1. Presentation of Financial Information
The accompanying unaudited Condensed Consolidated Financial Statements were prepared in accordance with the instructions for Form 10-Q and, therefore, do not include all disclosures necessary for a complete presentation of financial condition, results of operations, and cash flows in conformity with accounting principles generally accepted in the United States of America. All adjustments that are, in the opinion of management, of a normal recurring nature and are necessary for a fair presentation of the interim financial statements have been included. The results of operations for the period ended September 30, 2004 are not necessarily indicative of the results that may be expected for the entire fiscal year or any other interim period.
The accompanying consolidated financial statements of the Company should be read in conjunction with the consolidated financial statements and notes included in the Companys Annual Report on Form 10 K for the year ended December 31, 2003.
Certain of the prior periods figures have been reclassified to conform to the current periods presentation. The Company has reallocated various expenses in cost of sales, general and administrative expenses and interest expense, as management has determined it more appropriate to reflect these amounts in its current allocations. There is no impact to net income of the Company as a result of these reclassifications.

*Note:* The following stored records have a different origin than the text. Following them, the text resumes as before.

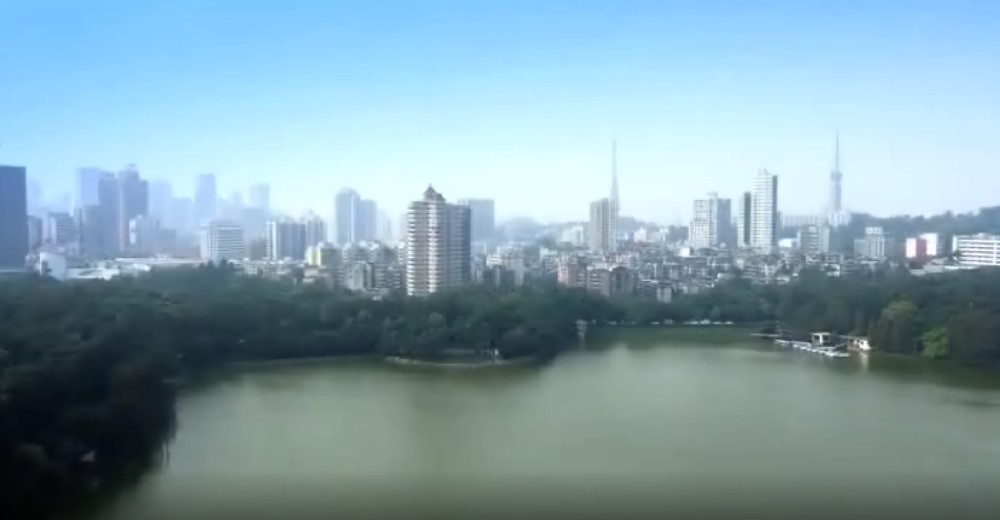 新媒體發(fā)展給城市帶來什么宣傳契機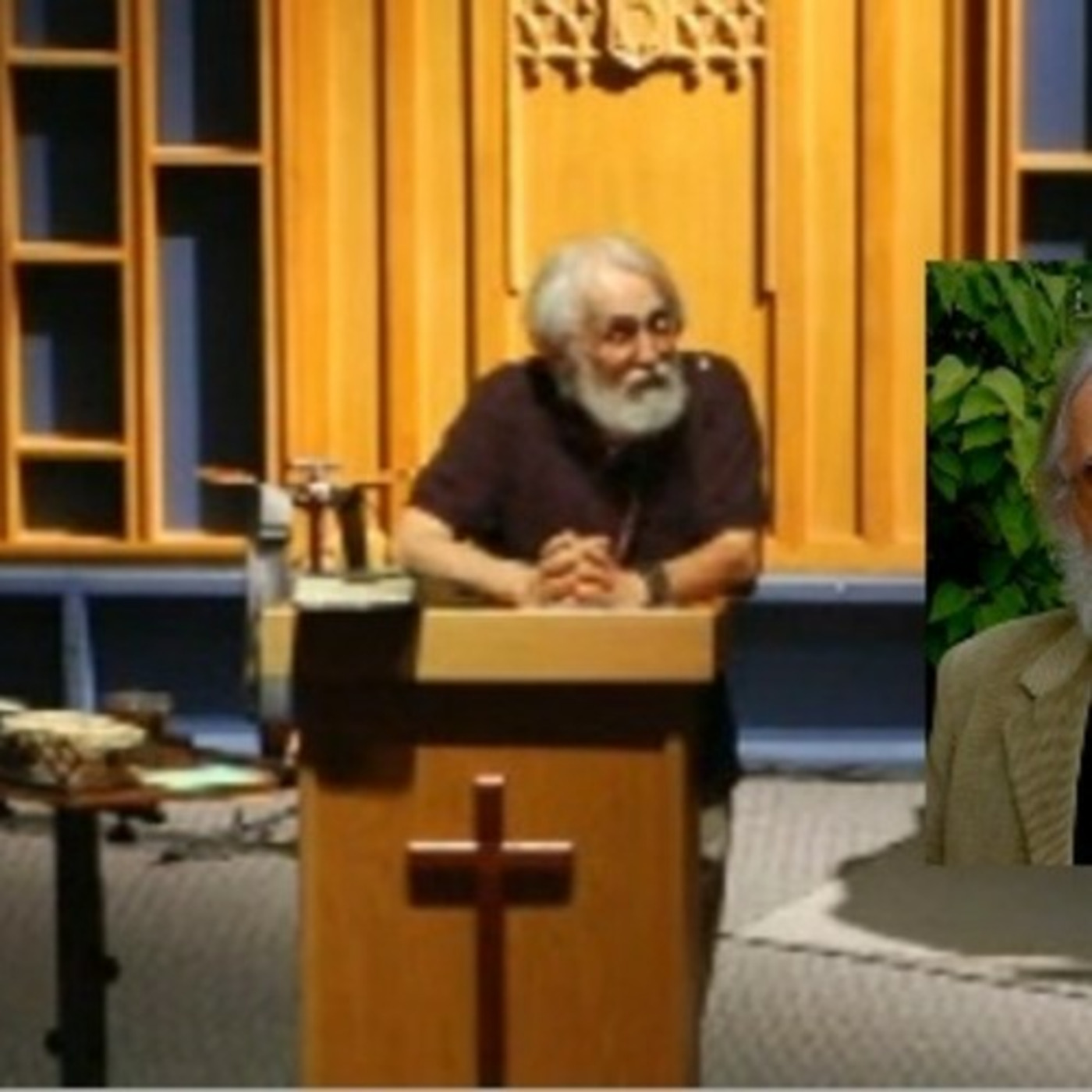 454 - The Validity of Interrogating Demons - Jozef Jasinski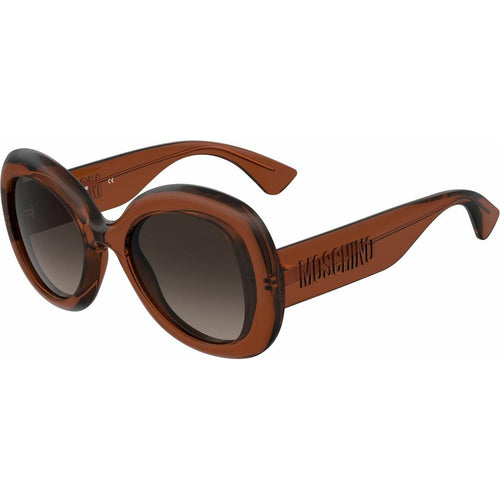 Load image into Gallery viewer, Ladies&#39; Sunglasses Moschino MOS162-S-09Q ø 54 mm-0
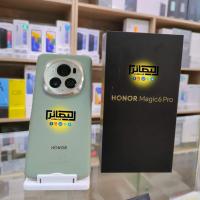 telephones-portable-honor-magic-6-pro-el-harrach-alger-algerie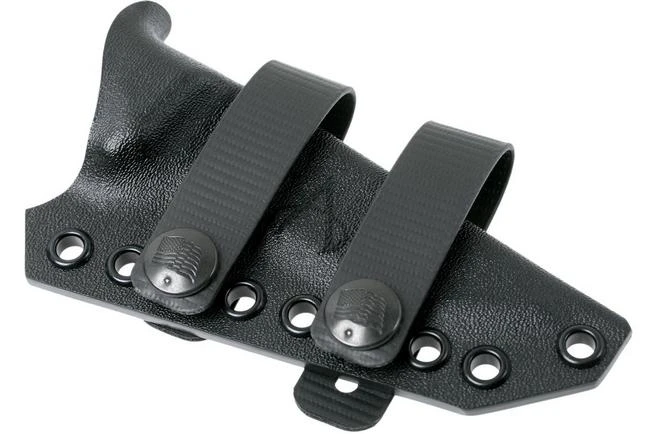 Armatus Carry Architect Sheath For The ESEE RB3, Black 1 Armatus Carry Architect Sheath For The ESEE RB3, Black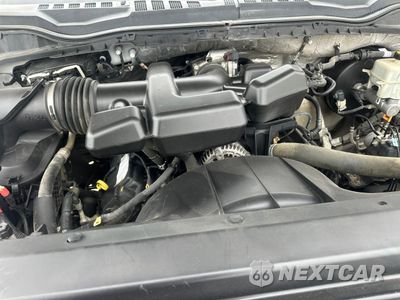 Zdjęcie 7 z 10 samochodu: 2017 FORD F350 SUPER DUTY VIN:1FT8X3A68HEC57697 - miniatura
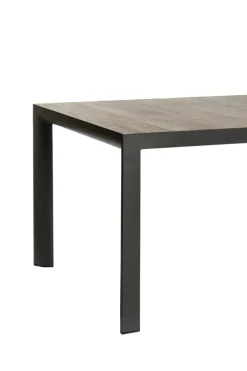 Outlet Paco World Collections Merlo Tuintafel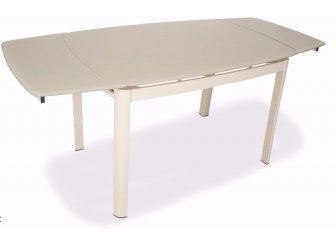 Стеклянный стол DT6236B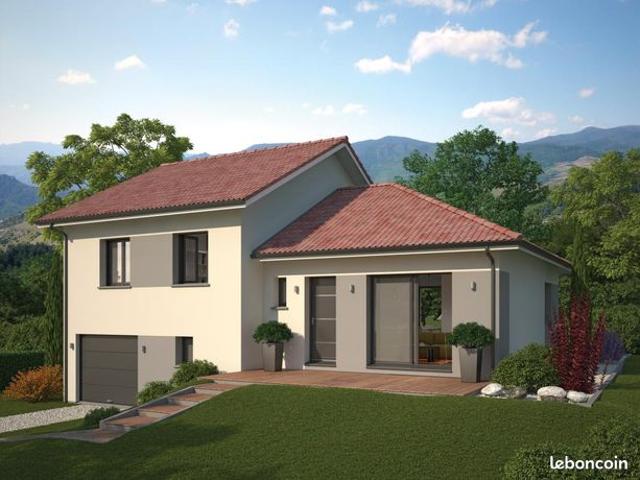 Maison vente à Saint-Étienne, Saint-héand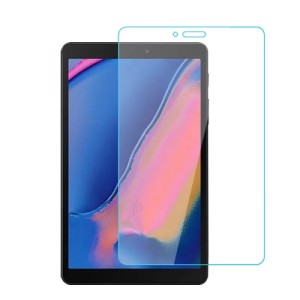 Защитное стекло для Samsung Galaxy Tab A 8 2019 T290/T295 прозрачное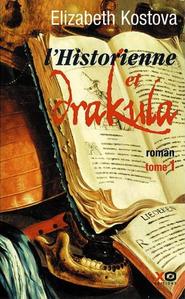 L'Historienne et Drakula - 1
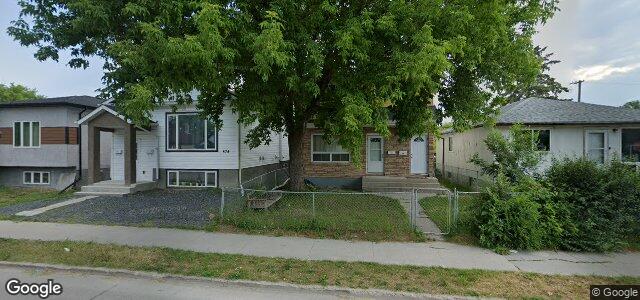 Larawan ng 577 Talbot Avenue sa Winnipeg, Manitoba
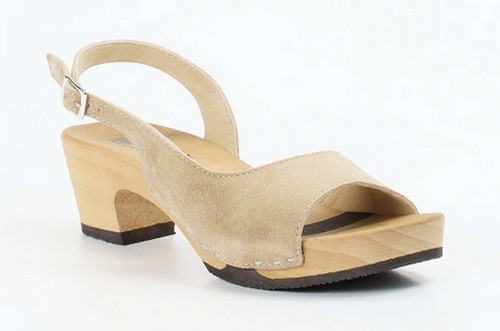 Softclox clogs sandale - softclox, konny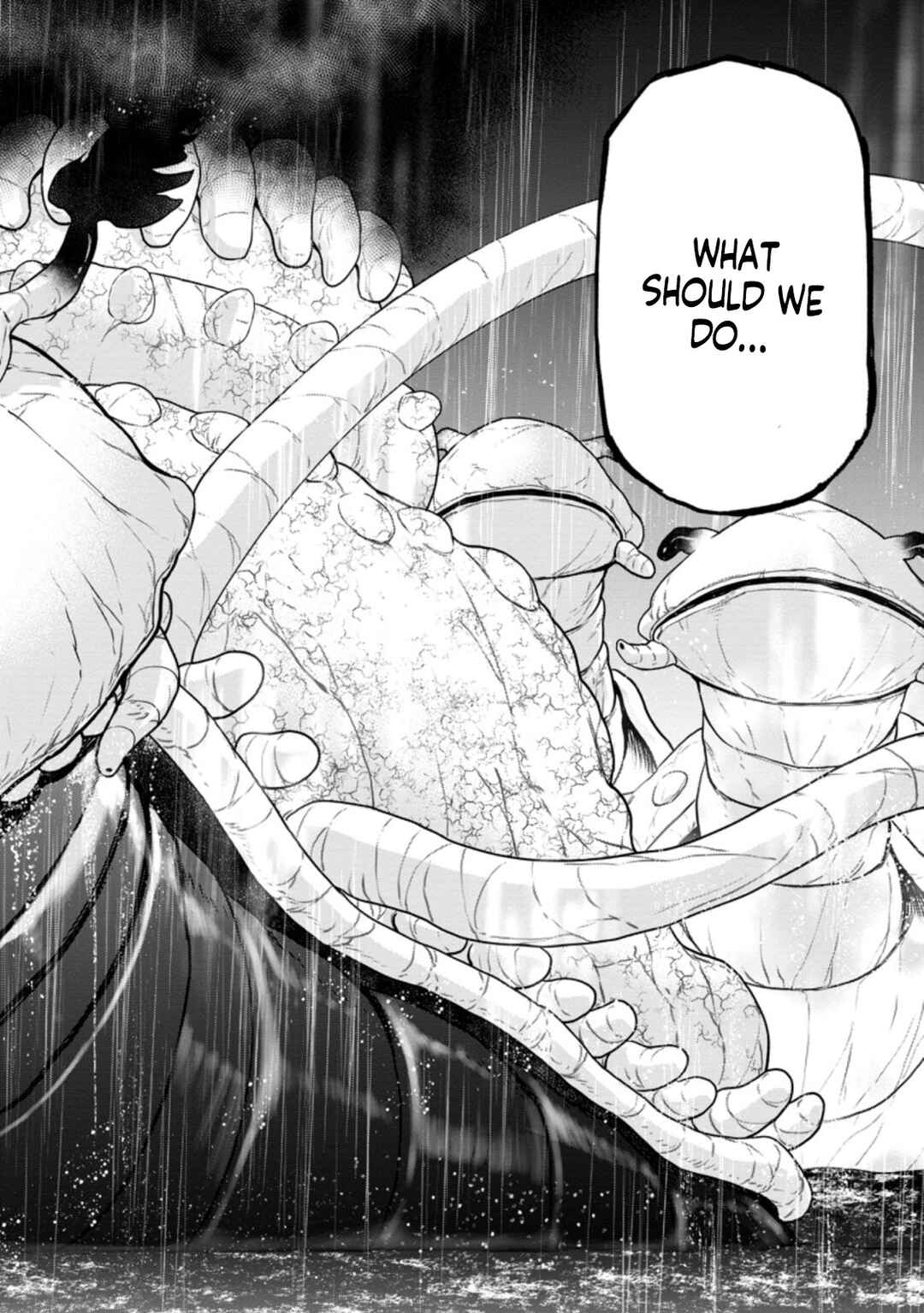 Page 3 Chapter 14 Zatsuyou Fuyo Jutsushi ga Jibun no Saikyou ni Kizuku made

2 Principles of Consolidation
The accompanying unaudited Condensed Consolidated Financial Statements include the accounts of the Companys wholly-owned subsidiaries, Cayman Water Company Limited, Belize Water Limited, Ocean Conversion (Cayman) Limited, DesalCo Limited, DesalCo (Barbados) Limited, and its majority owned subsidiary Waterfields Company Limited. All intercompany balances and transactions have been eliminated in consolidation.
3. Stock Based Compensation
The Company currently has four stock compensation plans. The Company accounts for stock based compensation plans for employees and directors using the intrinsic value method. Under this method, the Company records no compensation expense for stock options granted when the exercise price of options granted is equal to or greater than the fair market value of the Companys common stock on the date of grant.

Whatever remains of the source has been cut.